## [Exercise aim]
Transcribe the full listing without changing a word, and omit its pictures.

────

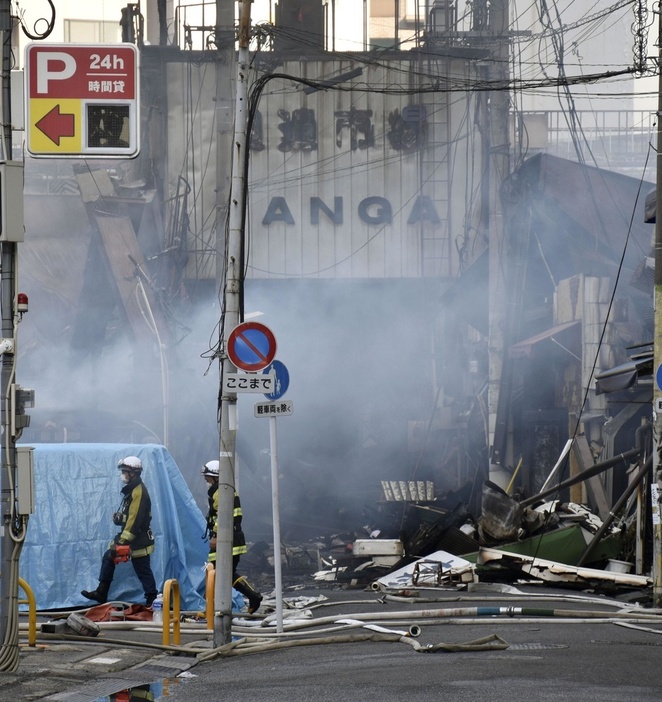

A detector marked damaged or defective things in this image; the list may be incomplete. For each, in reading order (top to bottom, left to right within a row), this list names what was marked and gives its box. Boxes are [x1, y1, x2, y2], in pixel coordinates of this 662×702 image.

charred debris [243, 438, 652, 604]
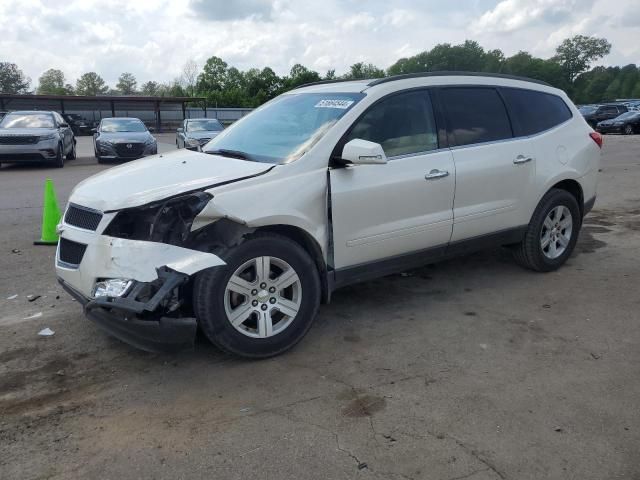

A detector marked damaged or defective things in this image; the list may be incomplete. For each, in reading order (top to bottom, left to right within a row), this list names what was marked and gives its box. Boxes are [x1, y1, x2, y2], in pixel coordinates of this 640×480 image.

damaged hood [69, 149, 272, 211]
broken headlight [105, 191, 212, 244]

────

## [Answer below]
A detector marked damaged or defective things in this image; the list may be incomplete. For each, in reading order (top to bottom, left to right within a row), this list names what was marked and gives its box. Boxes are [x1, y1, x2, y2], in pixel coordinates of this 662×702 image.

charred debris [243, 438, 652, 604]

A detector marked damaged or defective things in this image; the list may be incomplete. For each, in reading order (top to bottom, left to right within a row), this list names what was marked and gives its box. Boxes are [x1, y1, x2, y2], in pixel coordinates of this 640×480 image.

damaged hood [69, 149, 272, 211]
broken headlight [105, 191, 212, 244]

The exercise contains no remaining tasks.